[Brief]
Find the line containing "de la información." in the listing below. Repeat it exactly, along with each following line up to and including the one containing "Con esto de".

[Provided material]
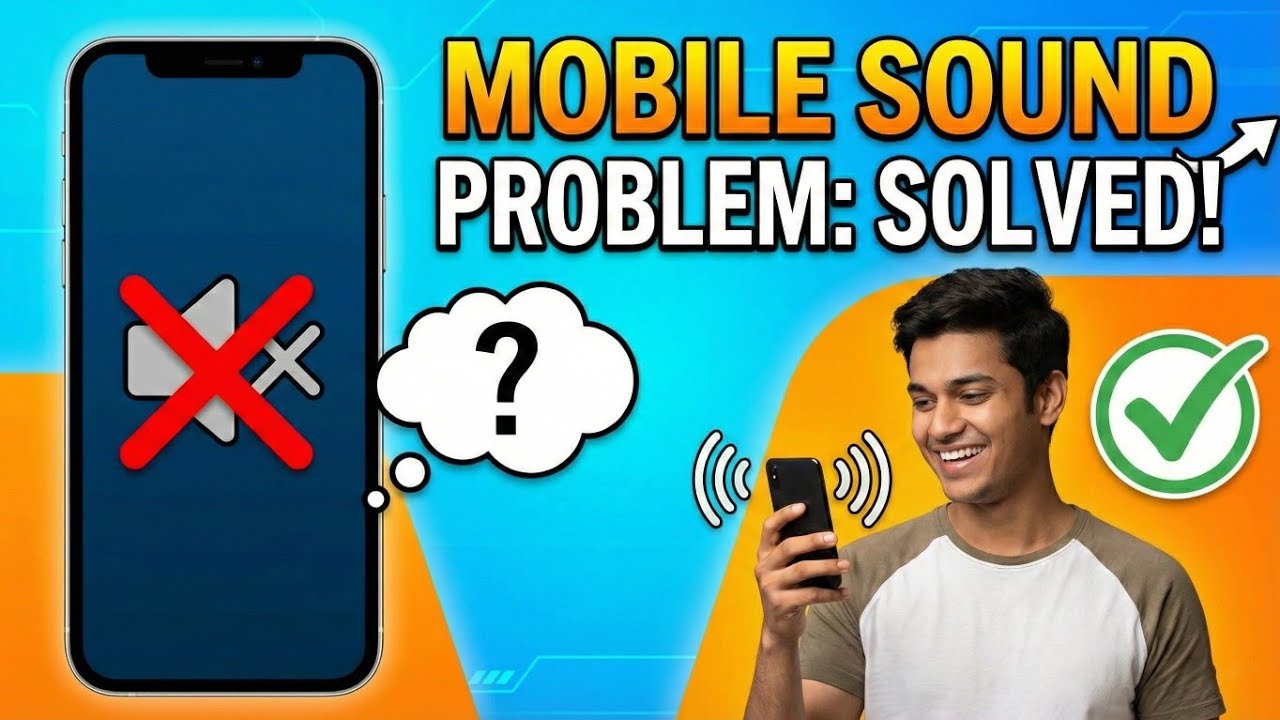 Mobile Sound Problem Solution | Mobile Se Awaaz Nahi Aa Rahi (100% Fix)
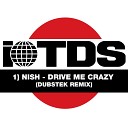 Nish - Drive Me Crazy Dubstek Mix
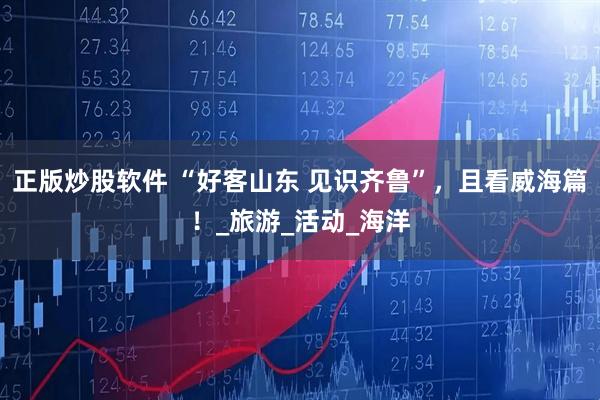 正版炒股软件 “好客山东 见识齐鲁”，且看威海篇！_旅游_活动_海洋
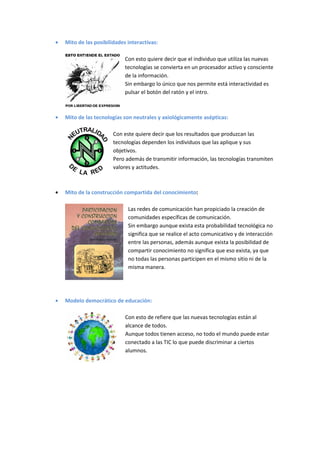 Mito de las posibilidades interactivas:

                         Con esto quiere decir que el individuo que utiliza las nuevas
                         tecnologías se convierta en un procesador activo y consciente
                         de la información.
                         Sin embargo lo único que nos permite está interactividad es
                         pulsar el botón del ratón y el intro.



Mito de las tecnologías son neutrales y axiológicamente asépticas:

                    Con este quiere decir que los resultados que produzcan las
                    tecnologías dependen los individuos que las aplique y sus
                    objetivos.
                    Pero además de transmitir información, las tecnologías transmiten
                    valores y actitudes.



Mito de la construcción compartida del conocimiento:

                          Las redes de comunicación han propiciado la creación de
                          comunidades específicas de comunicación.
                          Sin embargo aunque exista esta probabilidad tecnológica no
                          significa que se realice el acto comunicativo y de interacción
                          entre las personas, además aunque exista la posibilidad de
                          compartir conocimiento no significa que eso exista, ya que
                          no todas las personas participen en el mismo sitio ni de la
                          misma manera.




Modelo democrático de educación:

                         Con esto de refiere que las nuevas tecnologías están al
                         alcance de todos.
                         Aunque todos tienen acceso, no todo el mundo puede estar
                         conectado a las TIC lo que puede discriminar a ciertos
                         alumnos.
 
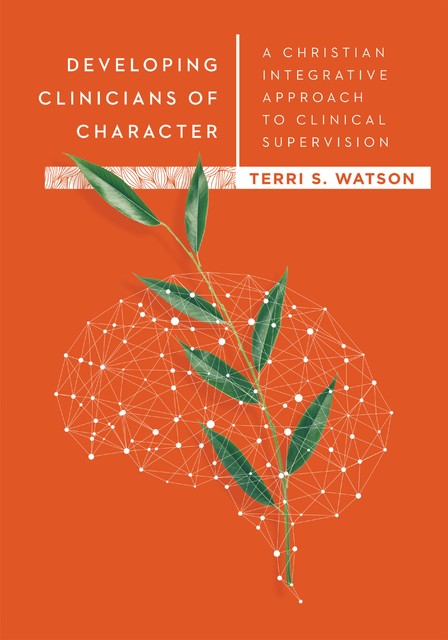 Developing Clinicians of Character, Terri S. Watson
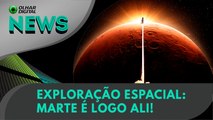 Exploração espacial- Marte é logo ali! | 16:12:2024 | #OlharDigital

[Expected answer]
                         de la información.
                         Sin embargo lo único que nos permite está interactividad es
                         pulsar el botón del ratón y el intro.



Mito de las tecnologías son neutrales y axiológicamente asépticas:

                    Con este quiere decir que los resultados que produzcan las
                    tecnologías dependen los individuos que las aplique y sus
                    objetivos.
                    Pero además de transmitir información, las tecnologías transmiten
                    valores y actitudes.



Mito de la construcción compartida del conocimiento:

                          Las redes de comunicación han propiciado la creación de
                          comunidades específicas de comunicación.
                          Sin embargo aunque exista esta probabilidad tecnológica no
                          significa que se realice el acto comunicativo y de interacción
                          entre las personas, además aunque exista la posibilidad de
                          compartir conocimiento no significa que eso exista, ya que
                          no todas las personas participen en el mismo sitio ni de la
                          misma manera.




Modelo democrático de educación:

                         Con esto de refiere que las nuevas tecnologías están al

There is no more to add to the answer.